During the project, the Yoders slept in tents in their back yard for nearly five months. They managed to stay relatively comfortable through the winter months with heavy quilts and a heater.

Pony Peterson, Yoder’s sister-in-law, also lives in Bear Creek Village, with her husband and an array of cats and dogs. Peterson intended to stay in her home and wait out the flood, but had to flee to stay with her aunt. However, the pet situation became untenable and she had to leave because other relatives, including Yoder and her mother and father, were also flooded out of their homes.

(AP Photo/Charlie Riedel)

The Petersons borrowed a camping trailer from friends until they could buy one of their own while they continued to rebuild their home, without the help of a contractor.
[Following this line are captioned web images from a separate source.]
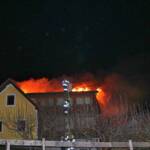 Wohnhausbrand in Bischofegg – Bewohner konnten sich in letzter Sekunde in Sicherheit bringen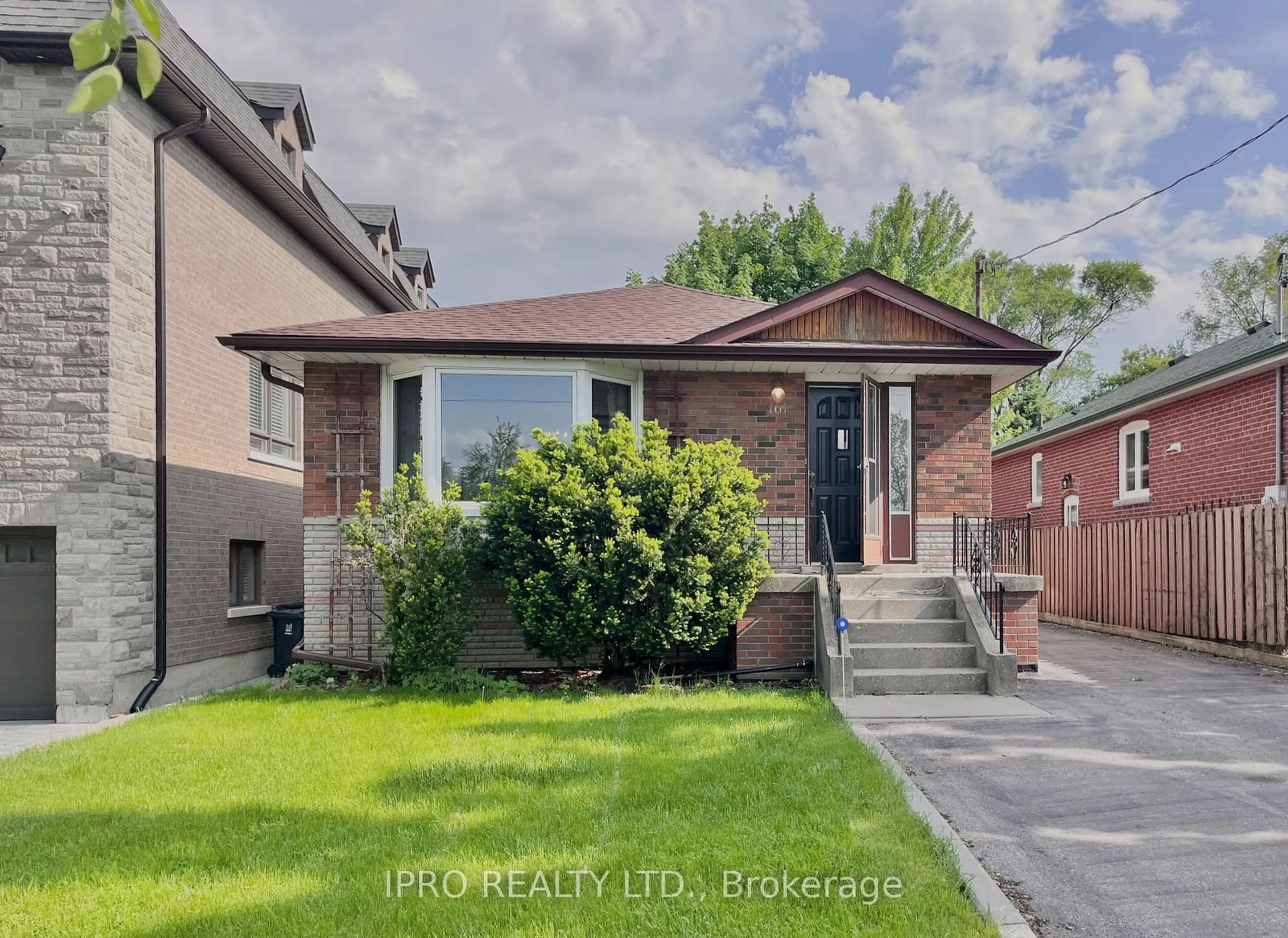 Frontside or backside of a home, the street view for 167 Churchill Ave, Toronto Ontario M2N 1Z3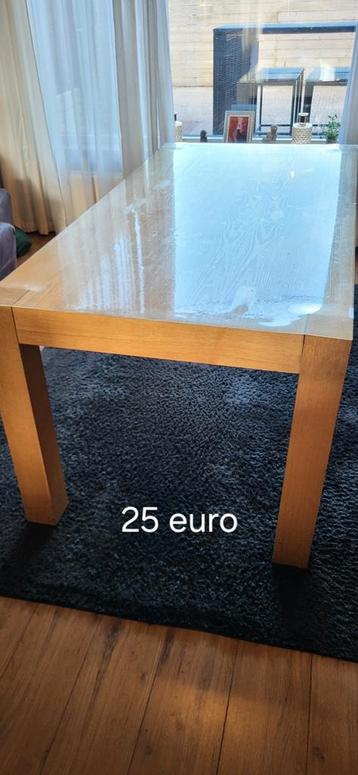 Zwaare eettafel  beschikbaar voor biedingen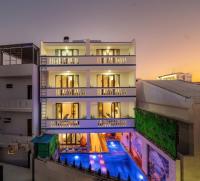 RAON Old Quarter Hotel内部或周边的泳池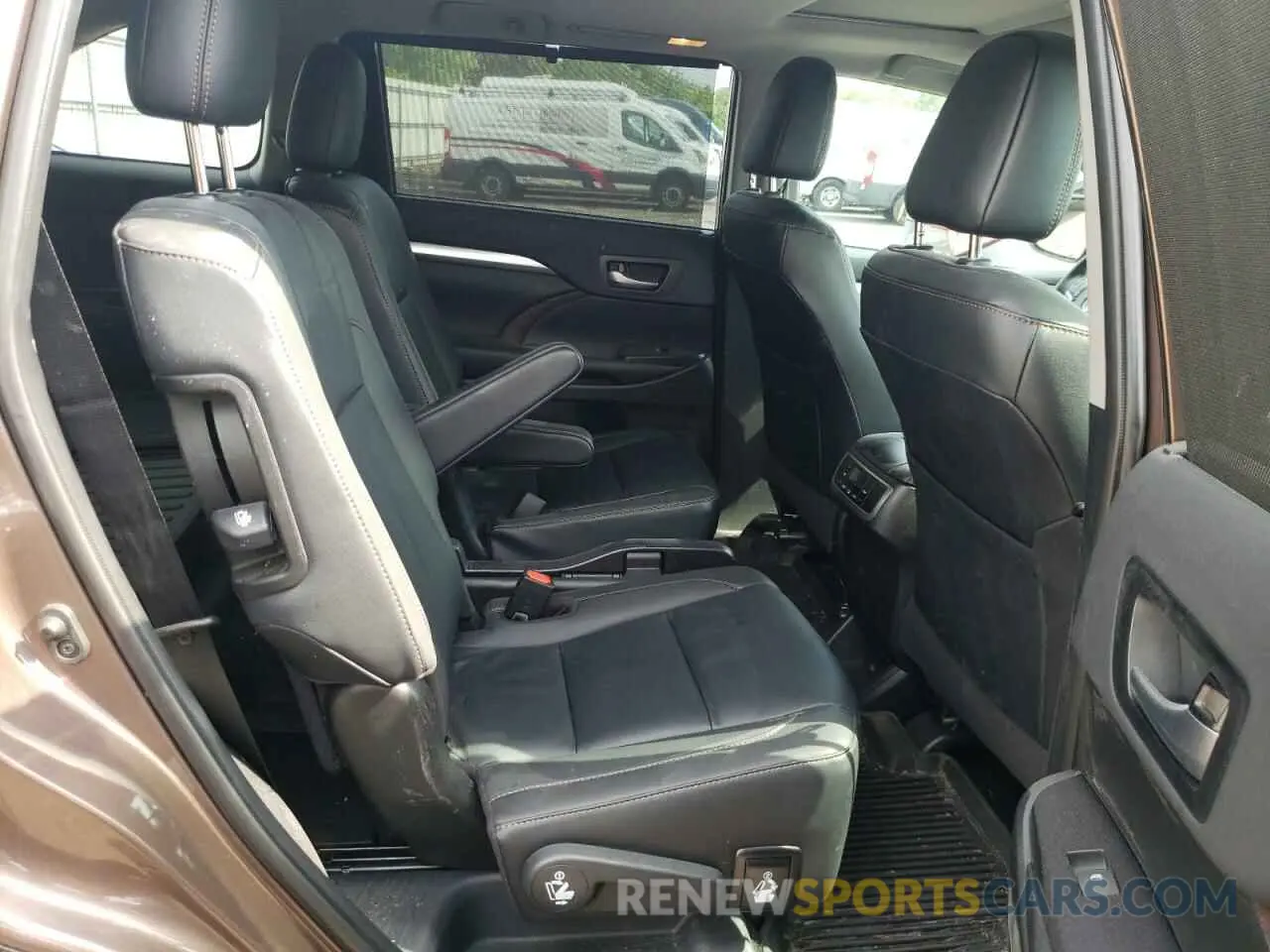 6 fotografías del automóvil dañado 5TDJZRFH4KS723247 TOYOTA HIGHLANDER 2019
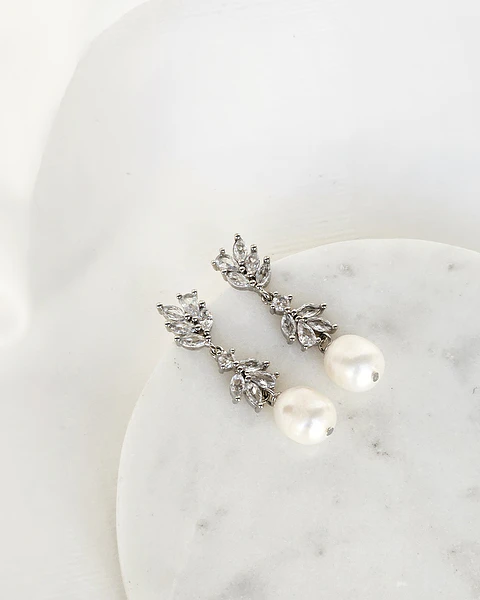 Aros circonitas con perla natural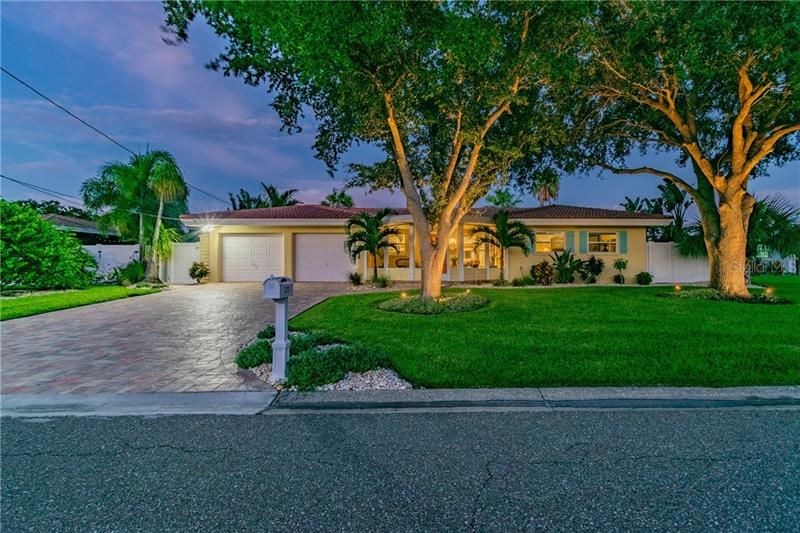 Recently Sold: $834,000 (3 beds, 2 baths, 1711 Square Feet)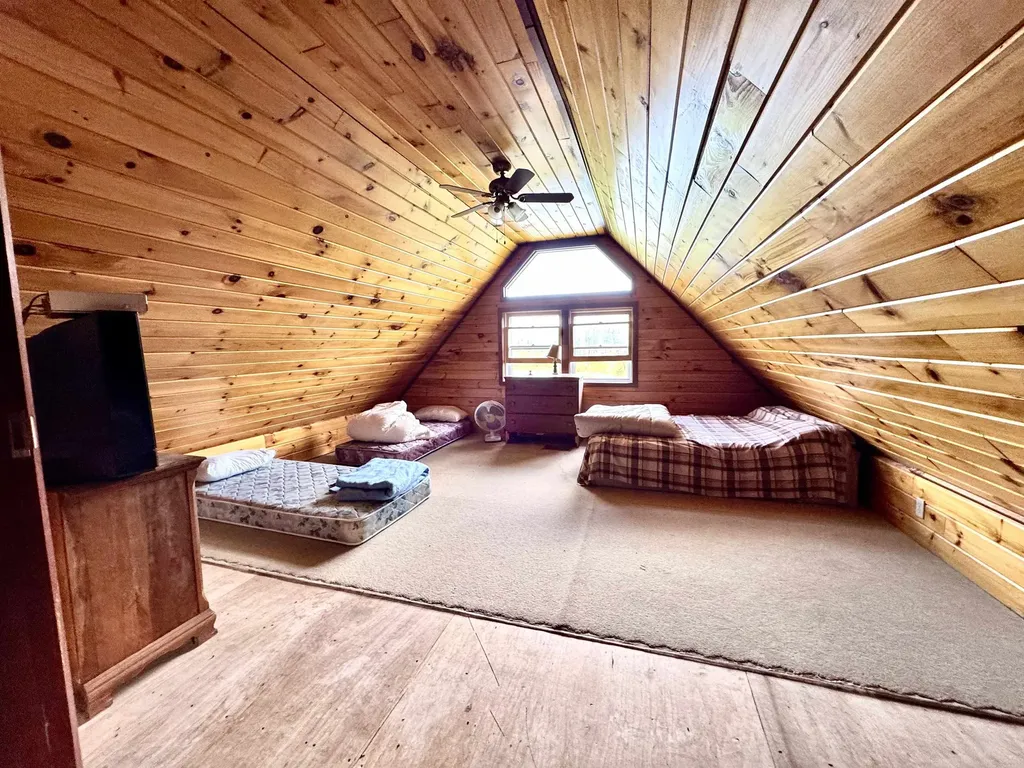 26 Ad Chase Road Pittsburg NH 03597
“This is what I told people: ‘We’re going to rebuild it knowing that it’s going to flood again, so we’re making those decisions. It’s not going to be shabby-chic’ it’s just going to be shabby,’” Peterson said.

The Petersons reclaimed discarded furniture and construction supplies and found some items at estate sales. Instead of using drywall, they rebuilt some walls with thin sheets of wood. They rebuilt the kitchen cabinets and counters with reclaimed wooden tables.

Ultimately, Peterson said, she viewed the flood not as a hardship, but as God’s blessing. She said that after the difficult rebuild, she loves the house in its “shabby” form more than she did before the flood.

Linda Litt, another Bear Creek Village resident, moved what she could onto the second floor of her home and stayed in an apartment while she waited out the flood. When she returned, little of her furniture was salvageable, except for a wrought iron bookshelf and a dining table base. Most of the furniture had to be replaced, and the house itself required renovations.

Litt said she was overwhelmed by the task. “You kind of have to run around helter-skelter,” she said. But flood insurance made it possible to rebuild her house.

“I’m not sure what I would have done (without it),” Litt said.

As the downstairs began to take shape again, Litt moved her personal items down from the second floor, including family photographs. “Each step that I took really kind of bolstered my spirits to do a little more,” she said.

Litt said her religious faith helped her keep going for the past year.

“I’m the one that gives myself hope,” she said. “I’m not a quitter.”

She said she appreciated the camaraderie the community showed after the storm hit, bringing neighbors together in a time of need, creating closer relationships among them all.

Despite the thousands of ruined homes and billions of dollars in damage, Houstonians have come together in the past year to rebuild not just their homes, but their sense of community.

“We meet out on the curb a lot more often,” Litt said. “You know, checking on each other.”